As winter sets in across Alaska, the avalanche season has already begun. The Chugach National Forest Avalanche Information Center (CNFAIC) is back in action, working to produce timely and accurate avalanche advisories for the Chugach National Forest region. We already have reports of skier triggered and natural avalanche activity in the backcountry of Turnagain Pass and Summit Lake.
The Chugach National Forest Avalanche Information Center is a collaborative effort between the US Forest Service and non-profit Friends of the Chugach National Forest Avalanche Information Center. It is the only government agency in the state of Alaska that produces backcountry recreational avalanche advisories, warnings, and public education. The forecasting team of Kevin Wright, Wendy Wagner, Graham Predeger, and Alex Mclain work throughout the winter to produce the highest quality avalanche information for the public. CNFAIC’s mission is to increase avalanche awareness for winter recreationists in Turnagain and Summit Lake through advisories and public education.

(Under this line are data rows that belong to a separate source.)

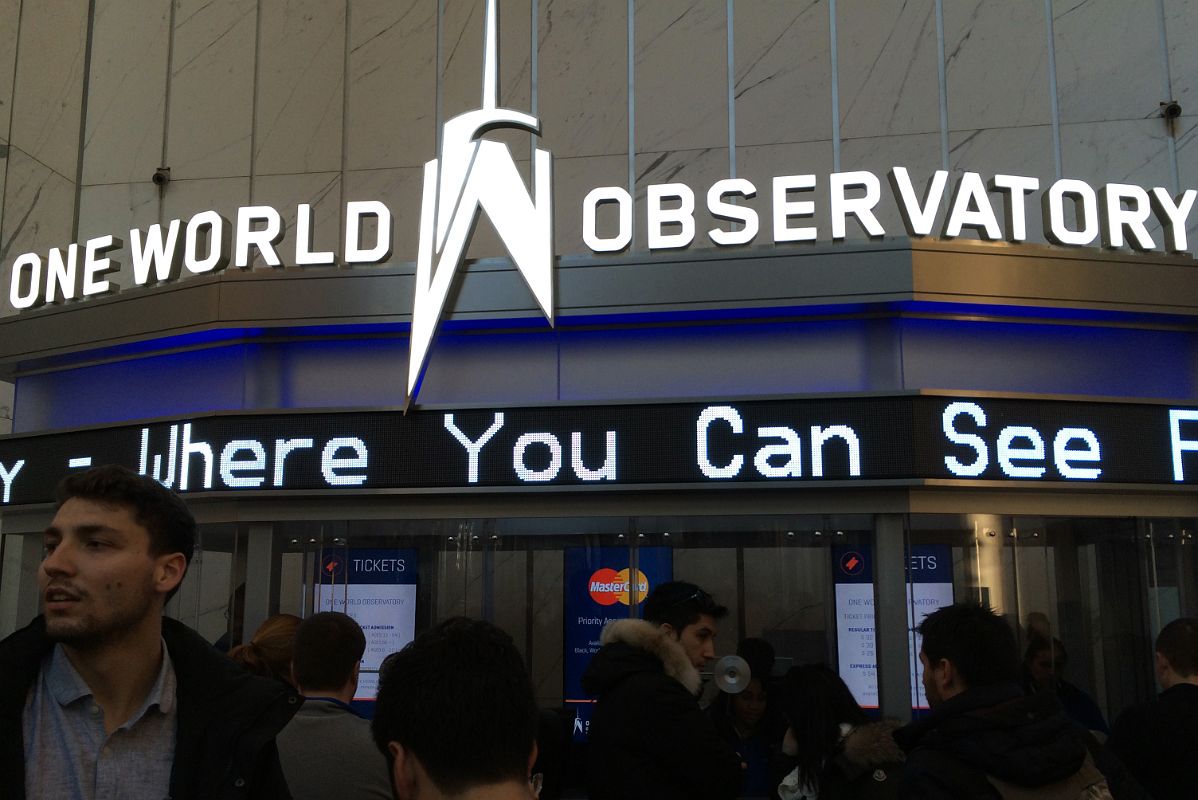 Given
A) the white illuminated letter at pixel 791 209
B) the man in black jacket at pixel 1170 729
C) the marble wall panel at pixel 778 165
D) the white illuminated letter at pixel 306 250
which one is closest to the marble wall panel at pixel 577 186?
the marble wall panel at pixel 778 165

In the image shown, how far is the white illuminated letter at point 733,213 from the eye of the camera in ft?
23.2

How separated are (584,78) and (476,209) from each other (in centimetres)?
391

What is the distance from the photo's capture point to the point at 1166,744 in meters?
4.02

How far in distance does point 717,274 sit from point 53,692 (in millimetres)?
5301

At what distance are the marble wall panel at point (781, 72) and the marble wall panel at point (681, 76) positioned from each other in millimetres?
136

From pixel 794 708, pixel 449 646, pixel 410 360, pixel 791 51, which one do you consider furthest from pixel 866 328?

Highly skilled and trained professionals, as well as lifelong backcountry enthusiasts, during the winter months CNFAIC staff head into the field almost daily to bring you the up-to-date information. Intermittent advisories will be produced for the next two weeks. A daily advisory schedule will begin on November 17. Check the website at www.cnfaic.org or dial the hotline at 907-754-2369 for the latest avalanche forecast. You can also follow us on Facebook or Twitter.

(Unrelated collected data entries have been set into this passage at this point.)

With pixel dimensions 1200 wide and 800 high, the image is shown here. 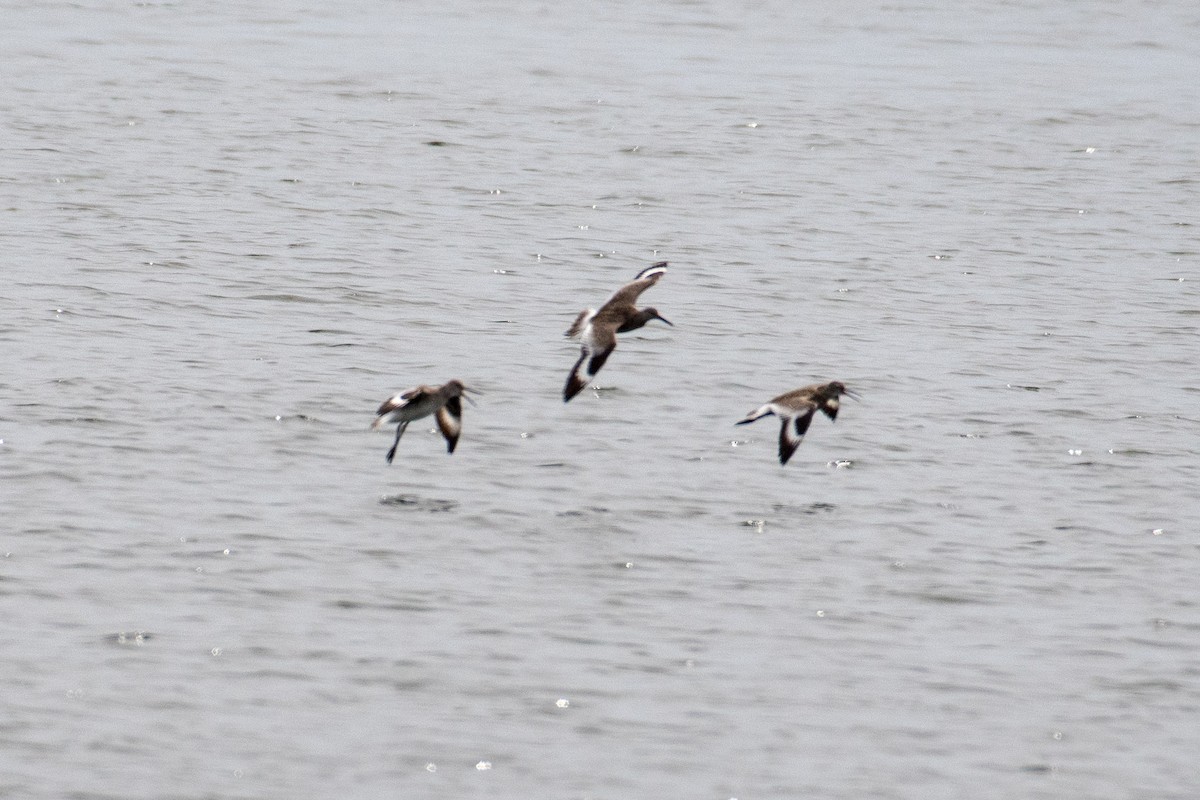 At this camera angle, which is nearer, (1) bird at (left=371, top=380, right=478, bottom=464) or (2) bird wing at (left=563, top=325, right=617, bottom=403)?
(1) bird at (left=371, top=380, right=478, bottom=464)

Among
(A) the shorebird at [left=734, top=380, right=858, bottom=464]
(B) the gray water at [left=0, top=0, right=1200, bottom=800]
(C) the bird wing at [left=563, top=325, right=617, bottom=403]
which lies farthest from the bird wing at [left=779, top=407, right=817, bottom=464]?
(C) the bird wing at [left=563, top=325, right=617, bottom=403]

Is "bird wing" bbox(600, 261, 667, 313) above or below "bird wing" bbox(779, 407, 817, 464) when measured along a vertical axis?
above

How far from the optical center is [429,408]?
15.4m

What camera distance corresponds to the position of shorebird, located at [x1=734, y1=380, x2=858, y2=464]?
1581 cm

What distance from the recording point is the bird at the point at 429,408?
49.4 feet

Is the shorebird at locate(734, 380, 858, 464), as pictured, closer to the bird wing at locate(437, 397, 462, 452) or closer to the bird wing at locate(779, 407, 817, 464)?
the bird wing at locate(779, 407, 817, 464)

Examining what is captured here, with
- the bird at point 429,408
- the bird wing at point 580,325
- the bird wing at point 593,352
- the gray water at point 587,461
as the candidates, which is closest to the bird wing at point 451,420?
the bird at point 429,408

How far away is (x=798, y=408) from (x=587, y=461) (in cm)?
173

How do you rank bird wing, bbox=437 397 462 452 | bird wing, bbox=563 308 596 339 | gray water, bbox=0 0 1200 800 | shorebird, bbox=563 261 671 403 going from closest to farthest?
gray water, bbox=0 0 1200 800 < bird wing, bbox=437 397 462 452 < shorebird, bbox=563 261 671 403 < bird wing, bbox=563 308 596 339

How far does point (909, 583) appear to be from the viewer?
1355 cm

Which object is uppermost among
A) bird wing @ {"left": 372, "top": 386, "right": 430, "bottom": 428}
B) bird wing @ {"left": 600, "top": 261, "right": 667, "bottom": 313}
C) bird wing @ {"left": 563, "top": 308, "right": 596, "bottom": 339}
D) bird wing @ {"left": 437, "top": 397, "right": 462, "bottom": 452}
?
bird wing @ {"left": 600, "top": 261, "right": 667, "bottom": 313}

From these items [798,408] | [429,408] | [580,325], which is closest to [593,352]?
[580,325]

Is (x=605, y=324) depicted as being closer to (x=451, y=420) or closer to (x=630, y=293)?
(x=630, y=293)

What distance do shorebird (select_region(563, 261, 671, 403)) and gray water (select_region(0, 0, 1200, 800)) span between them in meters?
0.86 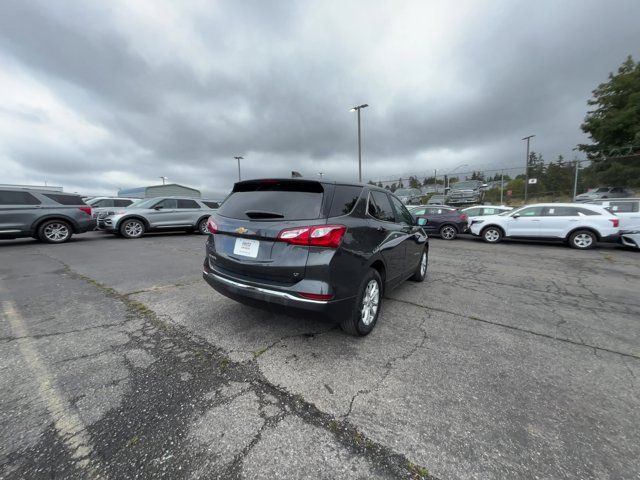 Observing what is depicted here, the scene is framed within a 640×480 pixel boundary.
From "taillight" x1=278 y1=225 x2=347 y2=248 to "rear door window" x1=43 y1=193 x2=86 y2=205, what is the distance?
406 inches

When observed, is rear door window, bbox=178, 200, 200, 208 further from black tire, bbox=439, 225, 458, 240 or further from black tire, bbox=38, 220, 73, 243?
black tire, bbox=439, 225, 458, 240

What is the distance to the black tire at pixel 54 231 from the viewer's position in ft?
28.0

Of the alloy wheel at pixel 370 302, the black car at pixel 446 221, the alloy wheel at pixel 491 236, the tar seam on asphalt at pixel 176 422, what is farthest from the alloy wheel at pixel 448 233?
the tar seam on asphalt at pixel 176 422

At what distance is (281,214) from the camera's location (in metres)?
2.60

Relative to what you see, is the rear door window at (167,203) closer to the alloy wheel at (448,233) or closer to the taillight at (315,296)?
the taillight at (315,296)

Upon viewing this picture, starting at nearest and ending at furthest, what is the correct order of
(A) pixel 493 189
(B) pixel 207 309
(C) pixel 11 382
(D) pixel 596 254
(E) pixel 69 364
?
(C) pixel 11 382 → (E) pixel 69 364 → (B) pixel 207 309 → (D) pixel 596 254 → (A) pixel 493 189

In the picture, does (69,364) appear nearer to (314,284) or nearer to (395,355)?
(314,284)

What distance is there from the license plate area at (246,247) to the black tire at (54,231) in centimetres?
964

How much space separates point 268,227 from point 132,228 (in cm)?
1038

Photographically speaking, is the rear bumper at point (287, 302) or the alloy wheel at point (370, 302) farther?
the alloy wheel at point (370, 302)

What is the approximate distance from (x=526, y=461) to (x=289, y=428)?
138cm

The avalanche center offers free avalanche awareness education to the public. A full schedule of local avalanche education opportunities can be found on the calendar page of our website. Our free Fireside Chat lecture series begins this Thursday, November 8 at the Girdwood Ranger Station at 7 p.m. The first lecture is Introduction to Avalanche Awareness. The presentations are a great introduction for backcountry beginners and a review for seasoned winter enthusiasts.
November is Avalanche Awareness Month in the state of Alaska. We encourage everyone to tune up their avalanche skills and get into a routine of checking the avalanche forecast before heading into the mountains. When planning your winter trip into the backcountry, don't forget these safety items: shovel, beacon, probe, and KNOWLEDGE.
There is a very thin and weak early season snow cover. The snow that fell in mid-October sat under clear skies for two weeks and has turned to facets (sugar snow) with some impressive surface hoar (1-20cm) growing on top. When this 3-20" of weak snow becomes overloaded with additional snow we could see widespread avalanche activity and a rapid rise in danger.